Files
codeql/go/ql/lib/semmle/go/dataflow/ExternalFlow.qll
2026-03-27 22:15:45 +00:00

550 lines
22 KiB
Plaintext

/**
* INTERNAL use only. This is an experimental API subject to change without notice.
*
* Provides classes and predicates for dealing with flow models specified
* in data extensions and CSV format.
*
* The extensible relations have the following columns:
* - Sources:
* `package; type; subtypes; name; signature; ext; output; kind; provenance`
* - Sinks:
* `package; type; subtypes; name; signature; ext; input; kind; provenance`
* - Summaries:
* `package; type; subtypes; name; signature; ext; input; output; kind; provenance`
* - Barriers:
* `package; type; subtypes; name; signature; ext; output; kind; provenance`
* - BarrierGuards:
* `package; type; subtypes; name; signature; ext; input; acceptingValue; kind; provenance`
* - Neutrals:
* `package; type; name; signature; kind; provenance`
* A neutral is used to indicate that a callable is neutral with respect to flow (no summary), source (is not a source) or sink (is not a sink).
*
* The interpretation of a row is similar to API-graphs with a left-to-right
* reading.
* 1. The `package` column selects a package. Note that if the package does not
* contain a major version suffix (like "/v2") then we will match all major
* versions. This can be disabled by putting `fixed-version:` at the start
* of the package path. Also, instead of a package path, if this column is
* "group:<groupname>" then it indicates that the row applies to all
* packages in the group `<groupname>` according to the `packageGrouping`
* predicate.
* 2. The `type` column selects a type within that package.
* 3. The `subtypes` column is a boolean that controls what restrictions we
* place on the type `t` of the selector base when accessing a field or
* calling a method. When it is false, `t` must be the exact type specified
* by this row. When it is true, `t` may be a type which embeds the specified
* type, and for interface methods `t` may be a type which implements the
* interface.
* 4. The `name` column optionally selects a specific named member of the type.
* 5. The `signature` column is always empty.
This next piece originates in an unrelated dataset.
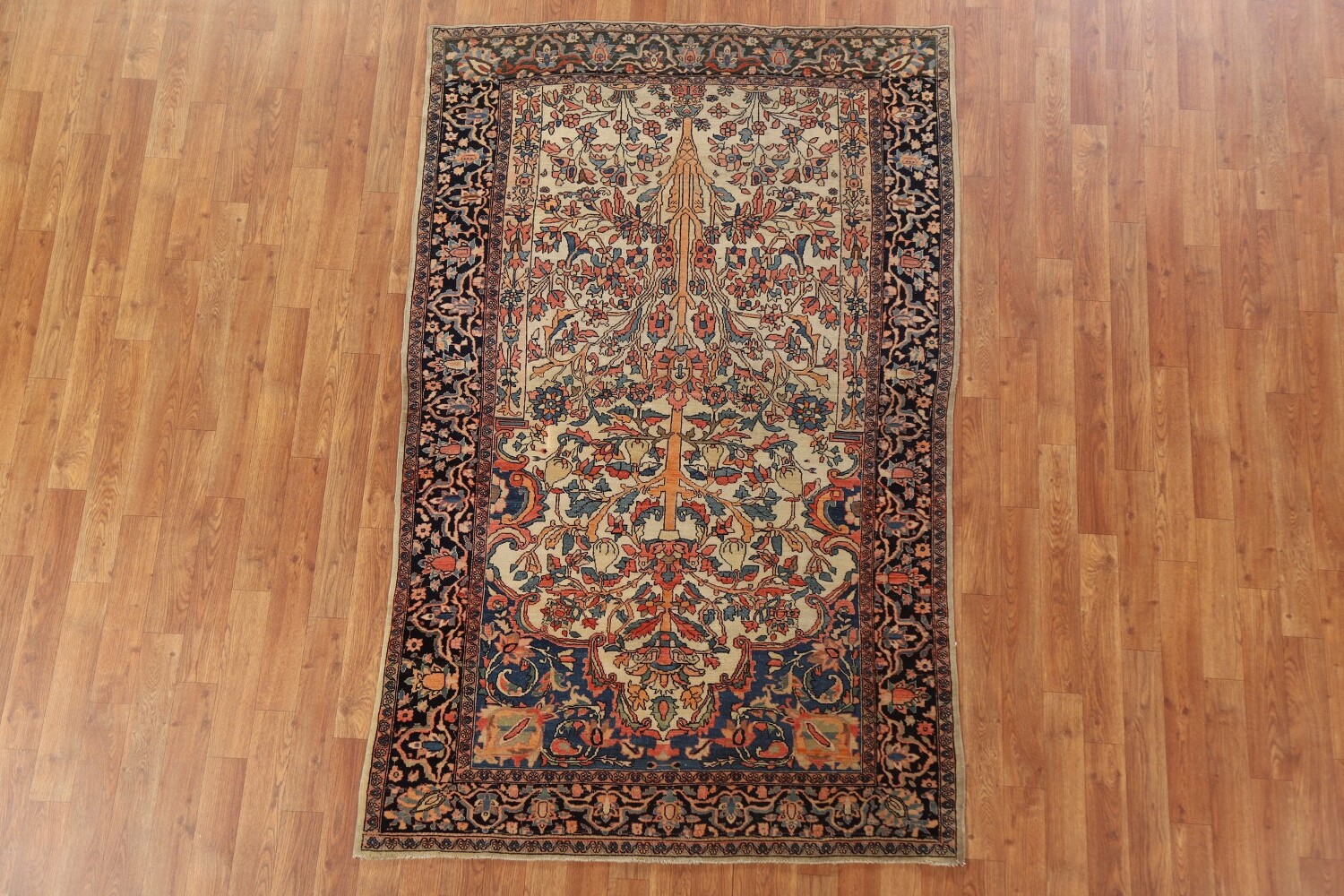 Antique Vegetable Dye Sarouk Farahan Persian Rug 4x6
* 6. The `ext` column is always empty.
* 7. The `input` column specifies how data enters the element selected by the
* first 6 columns, and the `output` column specifies how data leaves the
* element selected by the first 6 columns. An `input` can be either "",
* "Argument[n]", or "Argument[n1..n2]":
* - "": Selects a write to the selected element in case this is a field or
* package-level variable.
* - "Argument[n]": Selects an argument in a call to the selected element.
* The arguments are zero-indexed, and `receiver` specifies the receiver.
* - "Argument[n1..n2]": Similar to "Argument[n]" but selects any argument
* in the given range. The range is inclusive at both ends.
*
* An `output` can be either "", "Argument[n]", "Argument[n1..n2]", "Parameter",
* "Parameter[n]", "Parameter[n1..n2]", , "ReturnValue", "ReturnValue[n]", or
* "ReturnValue[n1..n2]":
* - "": Selects a read of a selected field or package-level variable.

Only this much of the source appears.